Ülkemiz sadece depremlerin afete dönüştüğü bir ülke değildir, özellikle son yıllarda artan çarpık kentleşme, nüfus artışı, sanayileşmeyle artan kontrolsüz doğa tahribatı afetlerin artmasındaki en önemli unsurlardandır. Doğal afetlerin sebeplerinin bilinmesi, bu alanda alınacak tedbirlerin daha sağlıklı alınmasını, can ve mal kaybının önlenmesini, yatırımların da daha isabetli yapılmasını sağlayacaktır. Afet yönetimi, her türlü tehlikeye karşı hazırlıklı olma, zarar azaltma, müdahale etme ve iyileştirme amacıyla mevcut kaynakları organize eden analiz, planlama, karar alma ve değerlendirme süreçlerinin tümüdür ama biz hâlâ, yaşanan her felaketten sonra, AK PARTİ'si iktidarı sayesinde, 99 Marmara depremi sonrası yürürlüğe konulan ve halk arasında "deprem vergisi" olarak bilinen özel iletişim vergisiyle toplanan paraların ne olduğunu tartışıyoruz çünkü bu paralara ne olduğunu hiçbirimiz bilmiyoruz. Ne yapıyorsunuz bilmiyoruz, soruyoruz, cevap vermiyorsunuz. AK PARTİ'si milletvekilleri, Allah için, bir kez de tüm partiler bir araya gelip, konunun uzmanlarını çağırıp akıllardaki tüm soruyu cevaplayın, bir çözüm yolu bulalım. Çünkü sizin kendi başınıza bulduğunuz çözüm yollarının ülkemizi getirdiği durum ortada; her felakette yüzlerce, binlerce can kaybı. Felaket gerçek, can kayıpları gerçek ama her ne hikmetse bir sorumlu da çıkıp "Bu kayıpların çokluğuna ben neden oldum, yeterli önlemleri zamanında alamadım." deyip istifa etmiyor, edemiyor.

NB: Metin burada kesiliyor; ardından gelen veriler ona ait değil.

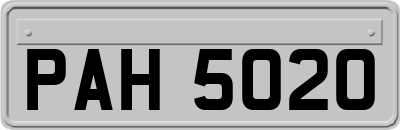 PAH5020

Maden göçer, yeterli önlem yok, sorumlu yok. Orman yanar, yangını söndürme uçağı yok, sorumlu yok. Denizi doldurup imara açanların suçu yok, sorumlu yok. Dere yatağına bina yapılır, sel olur, izin veren yerel yönetimlerin, belediyelerin suçu yok, sorumluluğu yok. Deprem olur, müteahhit suçu yerel yönetimlere, yerel yönetimler suçu müteahhide atar; sorumlu yok. Kolon kesenlerin suçu yok, sorumlu yok. Önlem almayanların, denetlemeyenlerin, zamanında müdahale etmeyenlerin hiçbir suçu yok; tek suçlu doğa, tek suçlu canını, malını kaybedenler; ne yazık ki öyle.